Go to the line with "This hairstyle has" in the records below, then output it and each following line exactly, up to and including the line with "a kitchen with a stove and a sink". Skip pictures and add nothing.

▶ **TASK INPUTS**:
....................

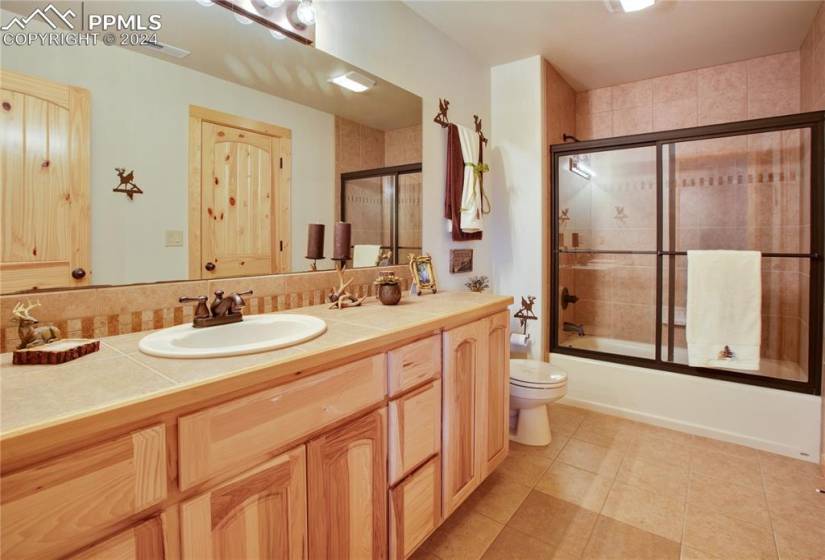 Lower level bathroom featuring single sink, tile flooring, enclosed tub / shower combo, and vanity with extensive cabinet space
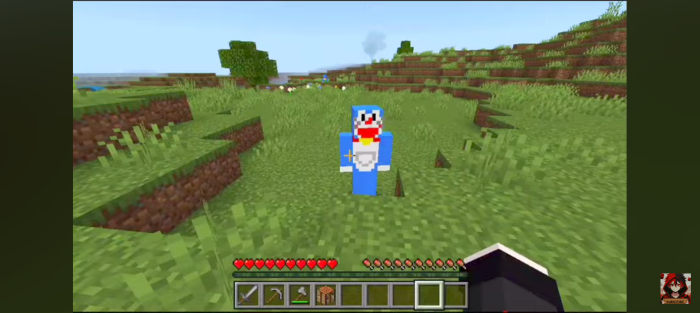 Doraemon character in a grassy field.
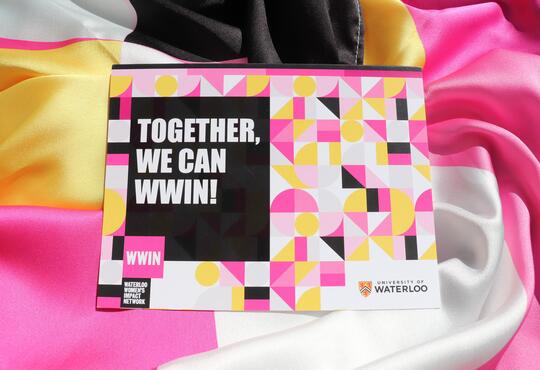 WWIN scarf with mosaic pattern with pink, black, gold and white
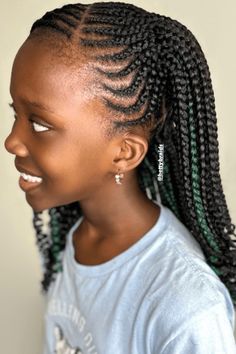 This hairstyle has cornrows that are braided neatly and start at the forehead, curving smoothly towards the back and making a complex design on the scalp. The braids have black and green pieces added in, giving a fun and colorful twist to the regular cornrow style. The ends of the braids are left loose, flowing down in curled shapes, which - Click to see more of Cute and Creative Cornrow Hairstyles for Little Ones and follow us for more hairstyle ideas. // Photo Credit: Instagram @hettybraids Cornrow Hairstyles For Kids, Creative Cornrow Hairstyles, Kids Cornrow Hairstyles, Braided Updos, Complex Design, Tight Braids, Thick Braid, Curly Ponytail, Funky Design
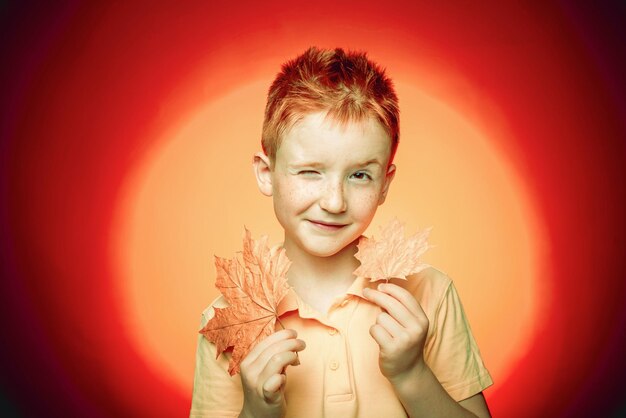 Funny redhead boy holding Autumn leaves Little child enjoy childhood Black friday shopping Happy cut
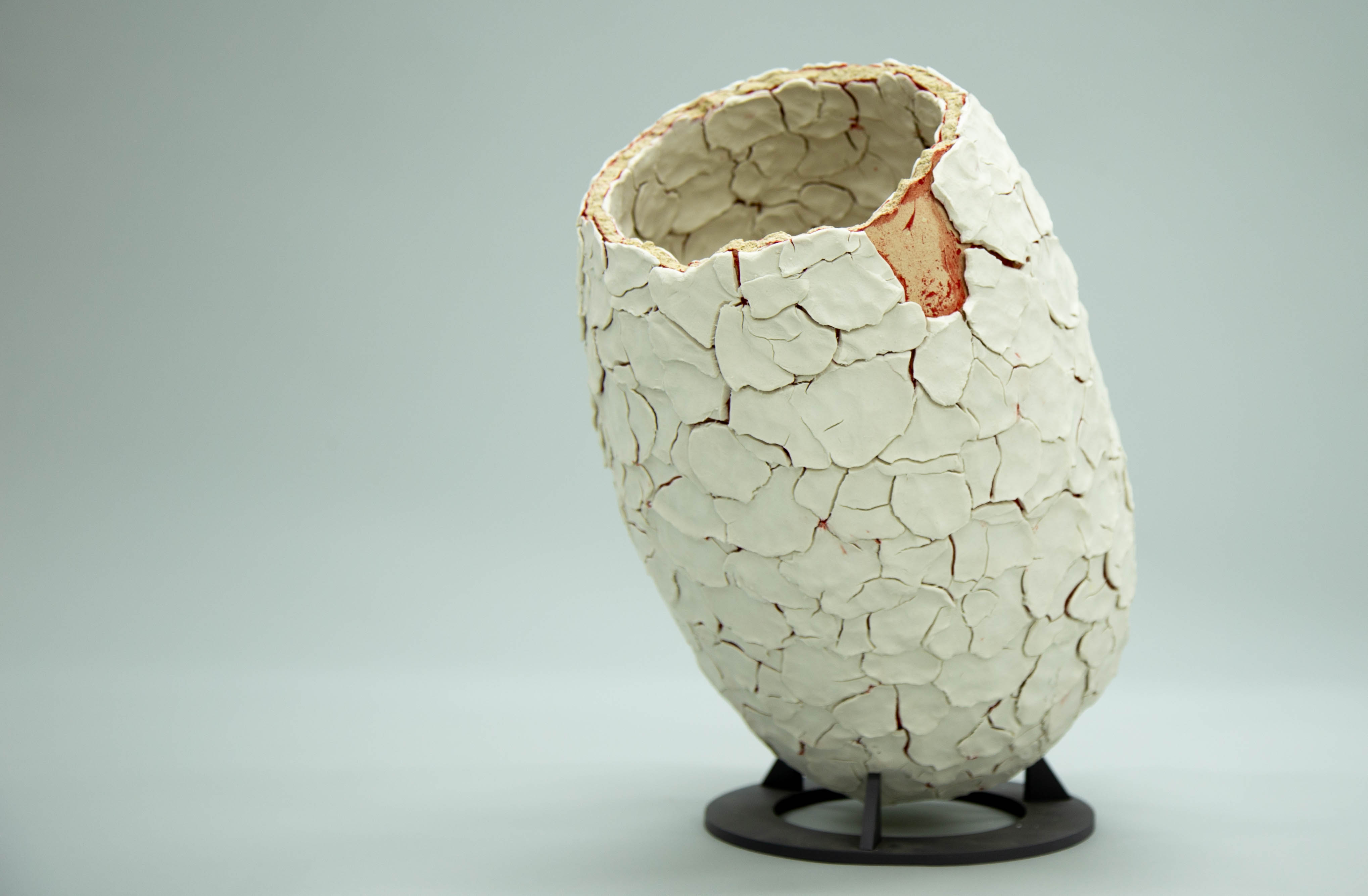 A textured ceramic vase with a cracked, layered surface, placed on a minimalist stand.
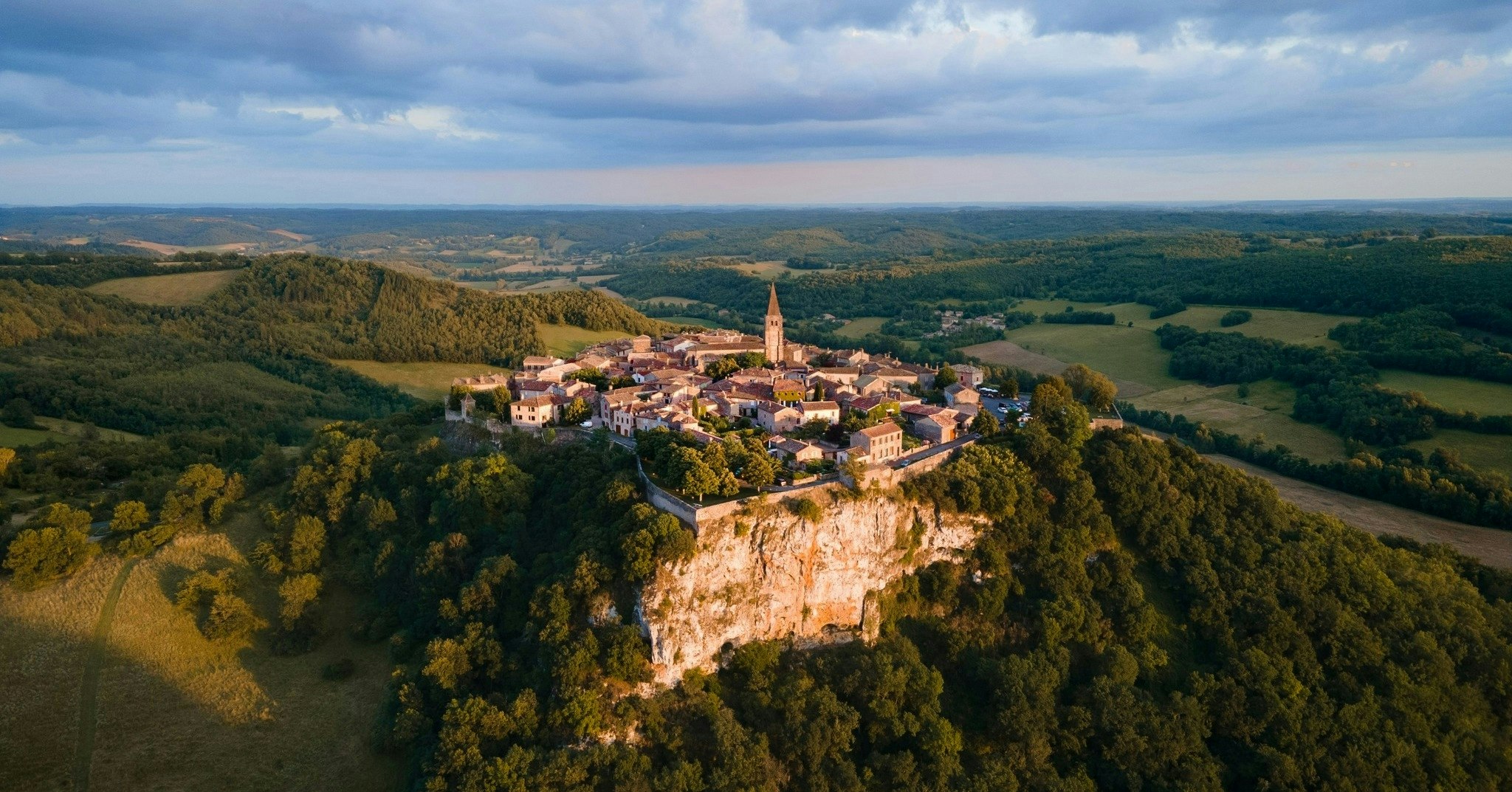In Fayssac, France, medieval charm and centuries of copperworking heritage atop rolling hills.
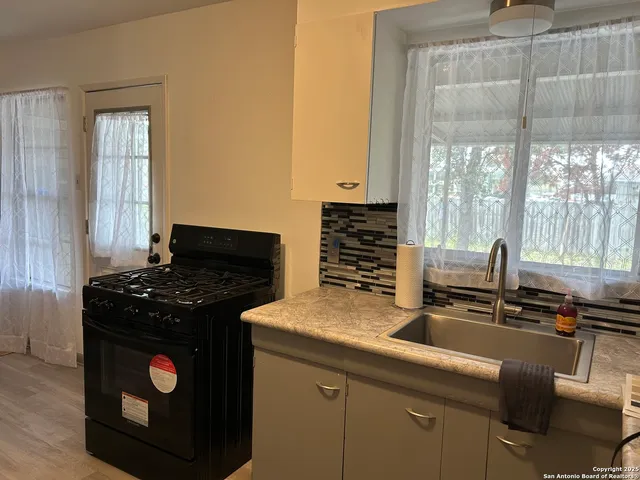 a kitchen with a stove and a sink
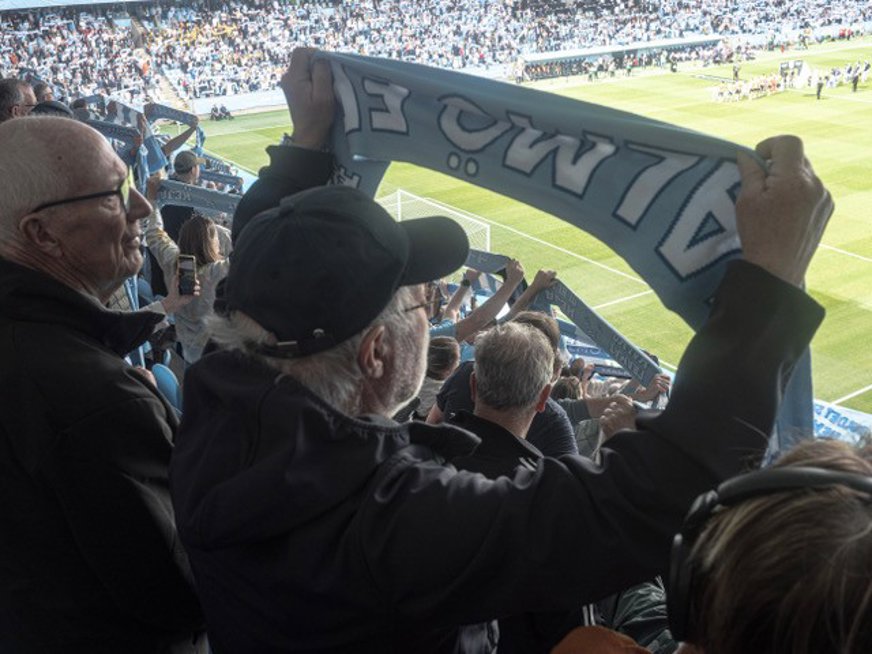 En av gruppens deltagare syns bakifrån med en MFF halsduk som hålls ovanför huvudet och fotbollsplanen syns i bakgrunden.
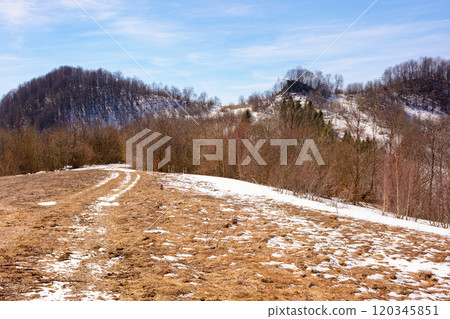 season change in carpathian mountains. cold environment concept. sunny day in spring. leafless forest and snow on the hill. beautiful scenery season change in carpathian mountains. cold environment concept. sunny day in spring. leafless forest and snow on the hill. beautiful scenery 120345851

....................

▶ **YOUR RESPONSE**:
 This hairstyle has cornrows that are braided neatly and start at the forehead, curving smoothly towards the back and making a complex design on the scalp. The braids have black and green pieces added in, giving a fun and colorful twist to the regular cornrow style. The ends of the braids are left loose, flowing down in curled shapes, which - Click to see more of Cute and Creative Cornrow Hairstyles for Little Ones and follow us for more hairstyle ideas. // Photo Credit: Instagram @hettybraids Cornrow Hairstyles For Kids, Creative Cornrow Hairstyles, Kids Cornrow Hairstyles, Braided Updos, Complex Design, Tight Braids, Thick Braid, Curly Ponytail, Funky Design
 Funny redhead boy holding Autumn leaves Little child enjoy childhood Black friday shopping Happy cut
 A textured ceramic vase with a cracked, layered surface, placed on a minimalist stand.
In Fayssac, France, medieval charm and centuries of copperworking heritage atop rolling hills.
 a kitchen with a stove and a sink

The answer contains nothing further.